The Grantee may deliver to the Company on any Business Day a written notice stating the number of Award Shares the Grantee then desires to purchase, and each Award shall be deemed exercised only when the Company receives: (i) such written notice of exercise (in accordance with the Award Agreement) from the Grantee entitled to exercise the Award, and (ii) full payment for the Award Shares with respect to which the Award is exercised as set forth in Section 12.1 below. Award Shares issued upon exercise of an Award shall be issued in the name of the Grantee or in the name of the Trustee in the case of Trustee Stock Options. Until the Award Shares are issued (as evidenced by the appropriate entry in the books of the Company or of a duly authorized transfer agent of the Company), no right to vote at any meeting of the shareholders of the Company or to receive dividends or any other rights as a shareholder shall exist with respect to the Award Shares, notwithstanding the exercise of the Award, nor shall the Grantee be deemed to be a class of shareholders or creditors of the Company.

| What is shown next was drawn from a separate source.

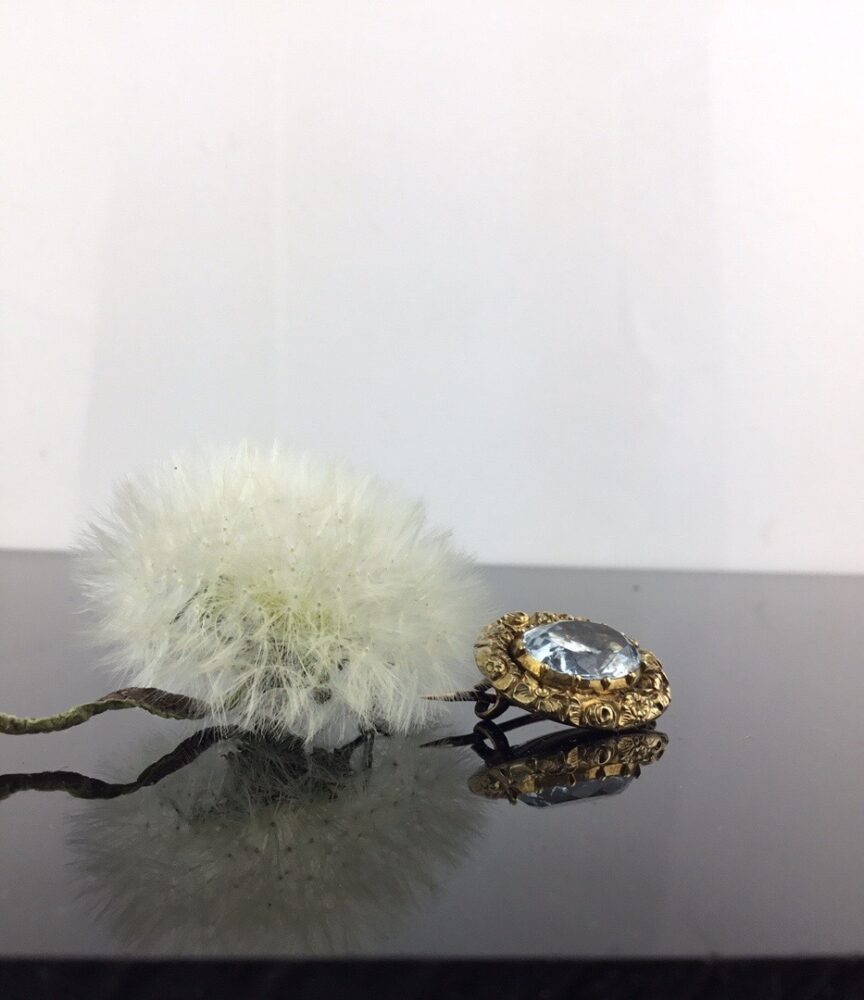 Antique Late Georgian Regency Aquamarine Brooch in 18 Carat Gold Floral Setting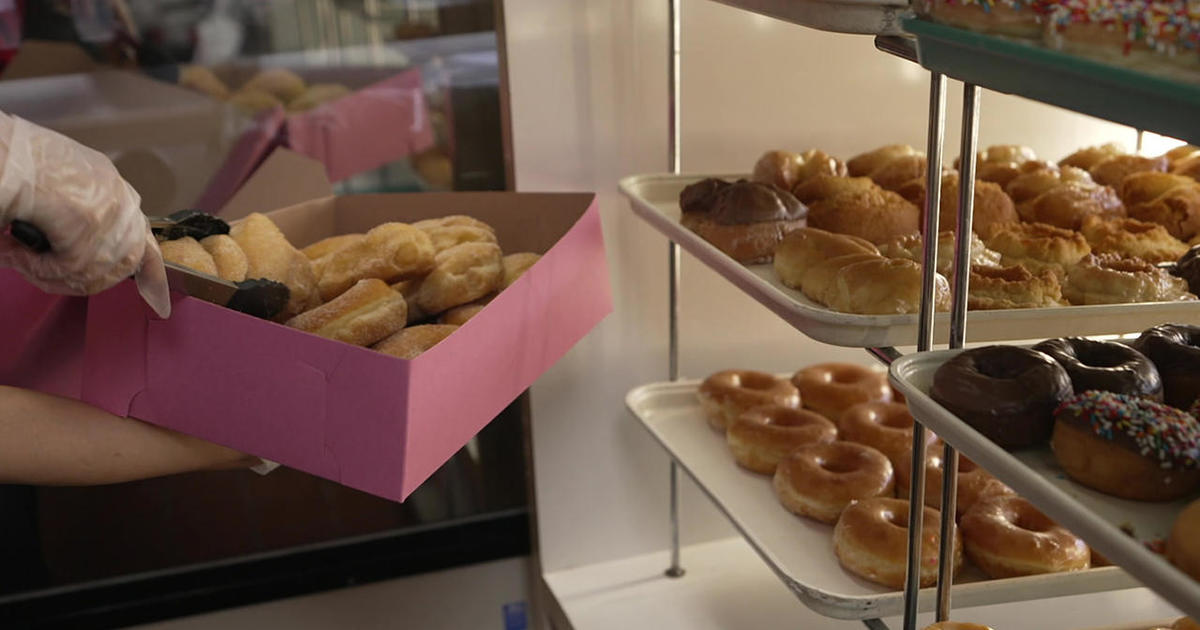 How doughnut shops became a sweet American Dream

Without derogating from the above, voting rights with respect to Award Shares following to their issuance, as stated above, shall be subject to the instruction of Section 8.1.5. Upon the exercise of an Award, the Company shall issue (or cause to be issued) such Award Shares promptly (up to 10 Business Days) after the Exercise Date. If any law or regulation requires the Company to take any action with respect to the Award Shares specified in such notice before the issuance thereof, then the date of their issuance shall be delayed for the period necessary to take such action.
 
Exercise of an Award in any manner shall result in a decrease in the number of Award Shares thereafter available, for delivery under the Award, by the number of Award Shares as to which the Award is exercised.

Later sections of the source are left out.